▶ [Task description] Exact retyping of the data: please keep every word and drop each picture.

▶ [Data for processing]
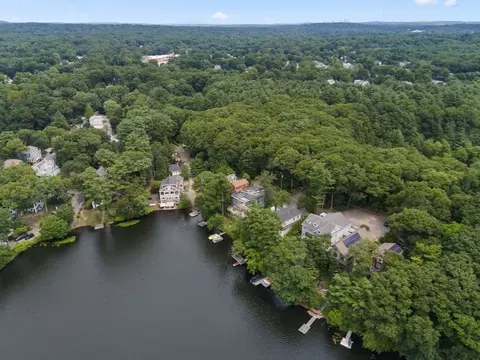 75 Russell Rd, Wellesley, MA 02482 photo 27
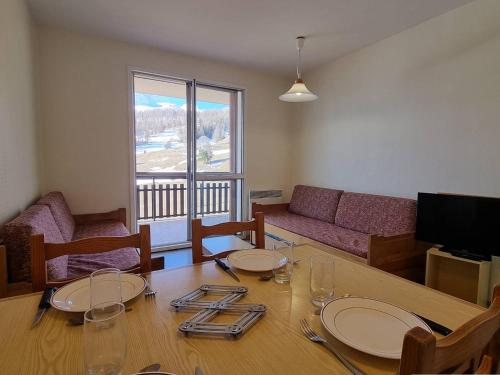 un salon avec une table et un canapé dans l'établissement Appartement 2 pièces, 5 pers, proche pistes, commerces et télésiège, parking gratuit - FR-1-525-267, à Saint-Étienne-en-Dévoluy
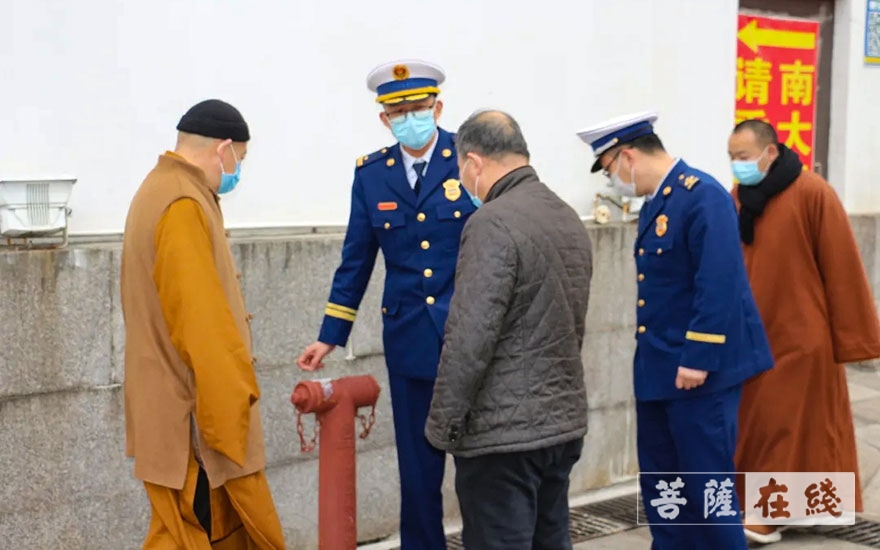 余小平-上海市闵行区消防救援支队副支队长余小平一行赴七宝教寺检查消防安全工作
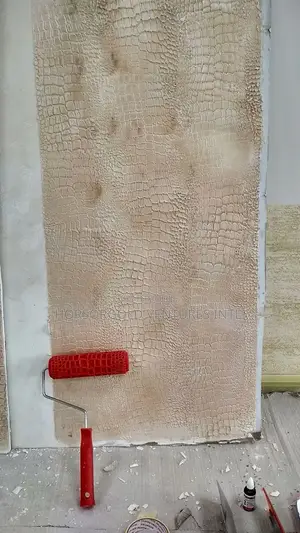 The Crocodile Effect Paint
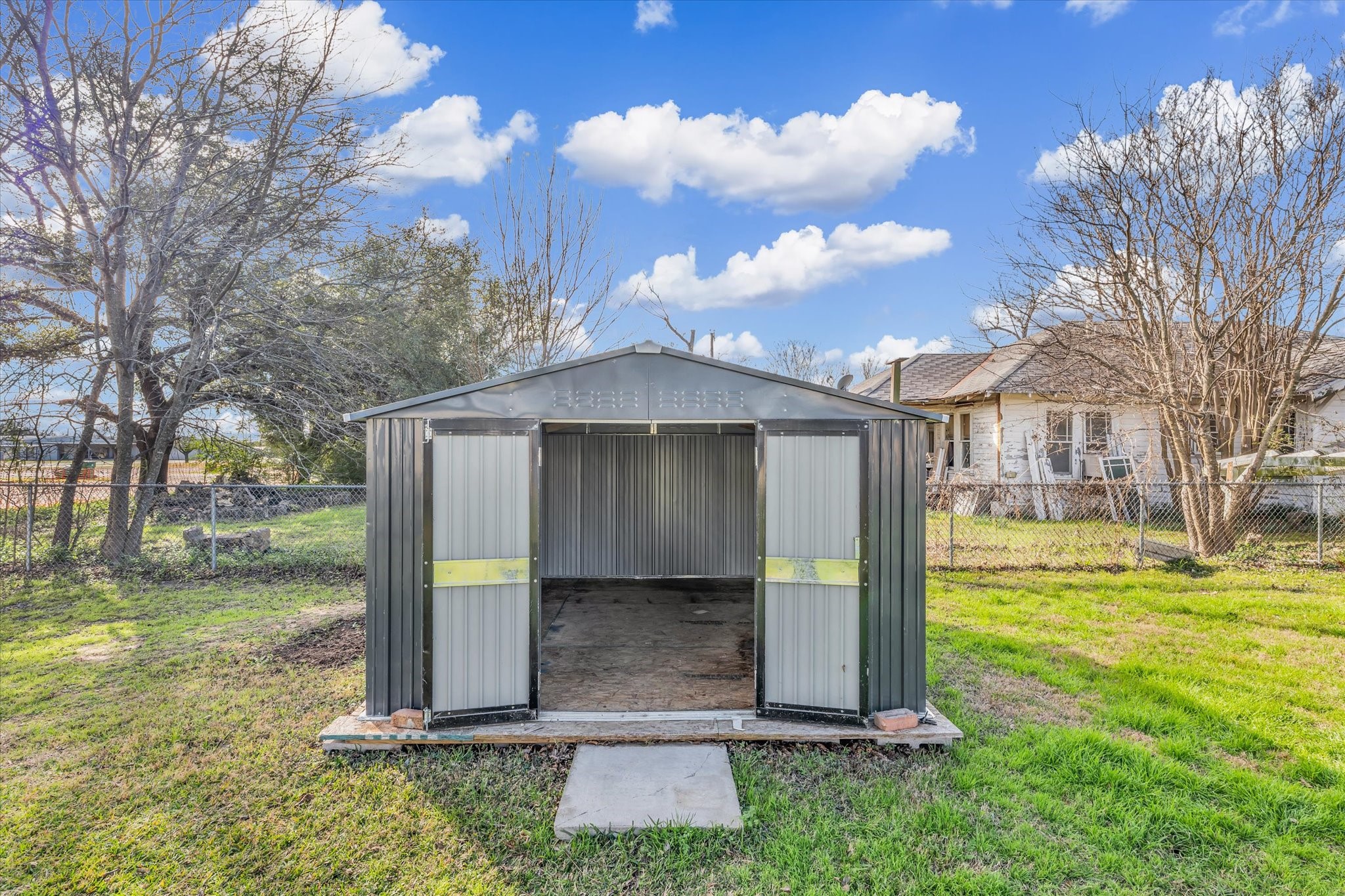 704 E Mclennan Avenue Mart TX 76664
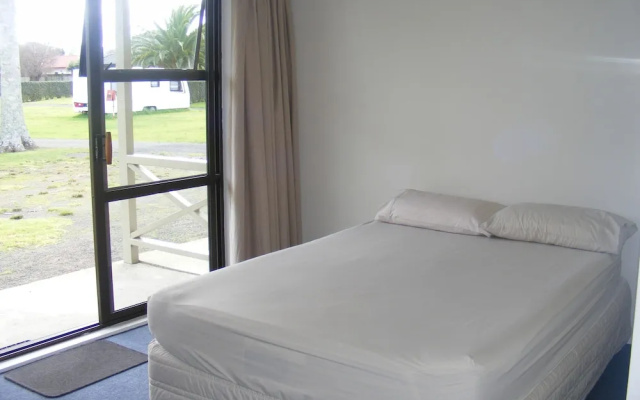 Harbourside Holiday Park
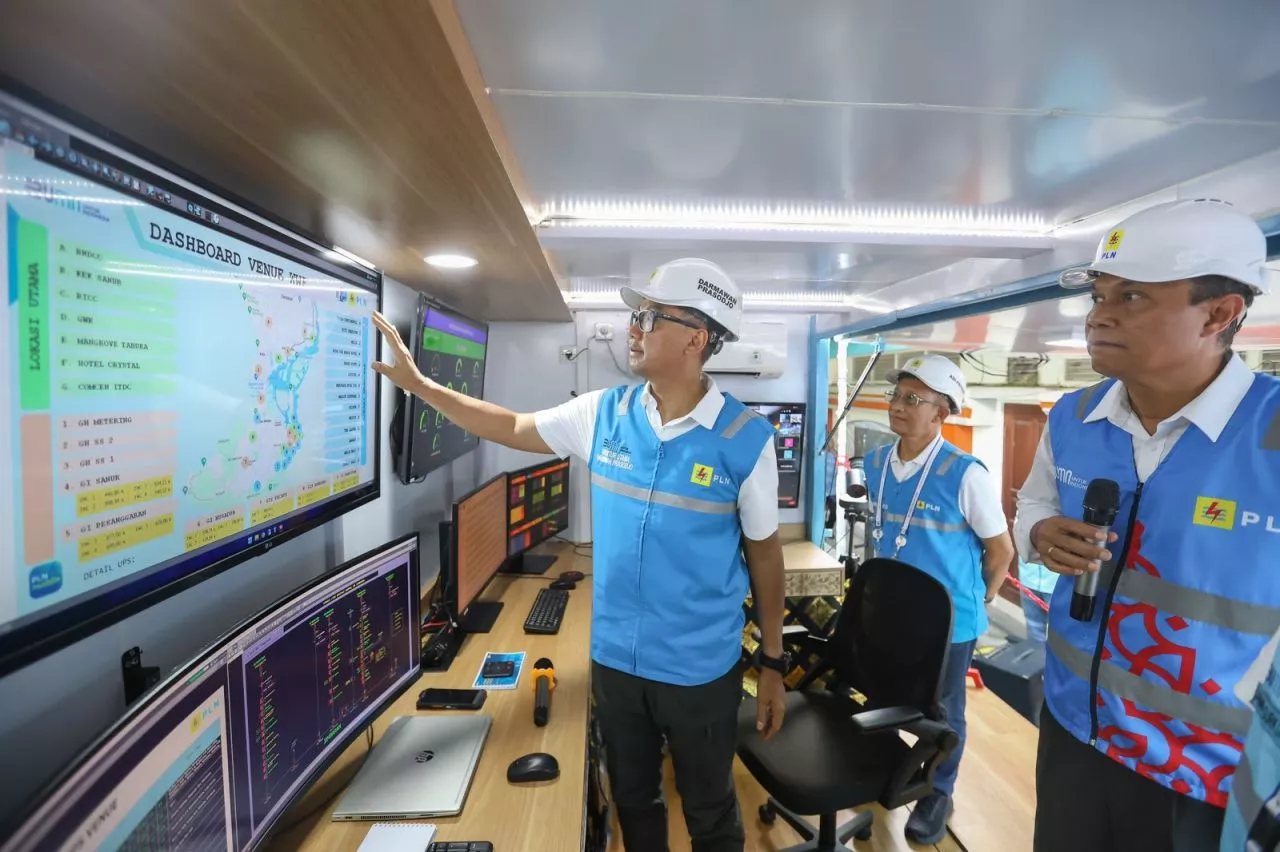 Pastikan Kelistrikan KTT WWF Aman, Dirut PLN Tinjau Posko Utama di Bali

▶ [Answer space]
 75 Russell Rd, Wellesley, MA 02482 photo 27
 un salon avec une table et un canapé dans l'établissement Appartement 2 pièces, 5 pers, proche pistes, commerces et télésiège, parking gratuit - FR-1-525-267, à Saint-Étienne-en-Dévoluy
 余小平-上海市闵行区消防救援支队副支队长余小平一行赴七宝教寺检查消防安全工作
 The Crocodile Effect Paint
 704 E Mclennan Avenue Mart TX 76664
 Harbourside Holiday Park
 Pastikan Kelistrikan KTT WWF Aman, Dirut PLN Tinjau Posko Utama di Bali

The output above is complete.